| Source data |
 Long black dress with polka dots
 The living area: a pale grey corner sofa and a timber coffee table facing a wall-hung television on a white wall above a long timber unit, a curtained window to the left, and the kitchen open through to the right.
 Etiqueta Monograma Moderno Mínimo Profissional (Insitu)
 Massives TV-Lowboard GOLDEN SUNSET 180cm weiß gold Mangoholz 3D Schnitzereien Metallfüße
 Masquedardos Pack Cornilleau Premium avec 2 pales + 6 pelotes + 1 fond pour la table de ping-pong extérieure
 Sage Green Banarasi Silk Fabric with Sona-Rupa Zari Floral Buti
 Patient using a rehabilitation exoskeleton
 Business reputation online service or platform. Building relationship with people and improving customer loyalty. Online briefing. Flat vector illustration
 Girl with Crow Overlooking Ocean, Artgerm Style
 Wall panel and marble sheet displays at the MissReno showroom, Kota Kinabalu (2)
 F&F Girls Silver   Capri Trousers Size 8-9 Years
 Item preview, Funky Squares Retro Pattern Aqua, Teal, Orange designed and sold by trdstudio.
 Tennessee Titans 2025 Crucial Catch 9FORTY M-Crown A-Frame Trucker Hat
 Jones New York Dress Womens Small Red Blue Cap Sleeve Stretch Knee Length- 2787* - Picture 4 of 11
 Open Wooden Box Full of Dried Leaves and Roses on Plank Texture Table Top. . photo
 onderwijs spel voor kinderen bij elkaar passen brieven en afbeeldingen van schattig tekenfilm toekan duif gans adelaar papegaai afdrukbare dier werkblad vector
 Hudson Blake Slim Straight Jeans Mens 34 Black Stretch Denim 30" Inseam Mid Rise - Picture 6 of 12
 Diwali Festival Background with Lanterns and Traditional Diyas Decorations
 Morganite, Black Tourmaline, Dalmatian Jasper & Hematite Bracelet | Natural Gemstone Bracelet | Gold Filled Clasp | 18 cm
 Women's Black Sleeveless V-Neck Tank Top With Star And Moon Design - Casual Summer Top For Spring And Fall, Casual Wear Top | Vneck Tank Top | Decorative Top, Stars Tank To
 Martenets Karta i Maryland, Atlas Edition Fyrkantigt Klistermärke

| Task brief |
Return the records above in their entirety, exactly as they appear.

| Problem solution |
 Long black dress with polka dots
 The living area: a pale grey corner sofa and a timber coffee table facing a wall-hung television on a white wall above a long timber unit, a curtained window to the left, and the kitchen open through to the right.
 Etiqueta Monograma Moderno Mínimo Profissional (Insitu)
 Massives TV-Lowboard GOLDEN SUNSET 180cm weiß gold Mangoholz 3D Schnitzereien Metallfüße
 Masquedardos Pack Cornilleau Premium avec 2 pales + 6 pelotes + 1 fond pour la table de ping-pong extérieure
 Sage Green Banarasi Silk Fabric with Sona-Rupa Zari Floral Buti
 Patient using a rehabilitation exoskeleton
 Business reputation online service or platform. Building relationship with people and improving customer loyalty. Online briefing. Flat vector illustration
 Girl with Crow Overlooking Ocean, Artgerm Style
 Wall panel and marble sheet displays at the MissReno showroom, Kota Kinabalu (2)
 F&F Girls Silver   Capri Trousers Size 8-9 Years
 Item preview, Funky Squares Retro Pattern Aqua, Teal, Orange designed and sold by trdstudio.
 Tennessee Titans 2025 Crucial Catch 9FORTY M-Crown A-Frame Trucker Hat
 Jones New York Dress Womens Small Red Blue Cap Sleeve Stretch Knee Length- 2787* - Picture 4 of 11
 Open Wooden Box Full of Dried Leaves and Roses on Plank Texture Table Top. . photo
 onderwijs spel voor kinderen bij elkaar passen brieven en afbeeldingen van schattig tekenfilm toekan duif gans adelaar papegaai afdrukbare dier werkblad vector
 Hudson Blake Slim Straight Jeans Mens 34 Black Stretch Denim 30" Inseam Mid Rise - Picture 6 of 12
 Diwali Festival Background with Lanterns and Traditional Diyas Decorations
 Morganite, Black Tourmaline, Dalmatian Jasper & Hematite Bracelet | Natural Gemstone Bracelet | Gold Filled Clasp | 18 cm
 Women's Black Sleeveless V-Neck Tank Top With Star And Moon Design - Casual Summer Top For Spring And Fall, Casual Wear Top | Vneck Tank Top | Decorative Top, Stars Tank To
 Martenets Karta i Maryland, Atlas Edition Fyrkantigt Klistermärke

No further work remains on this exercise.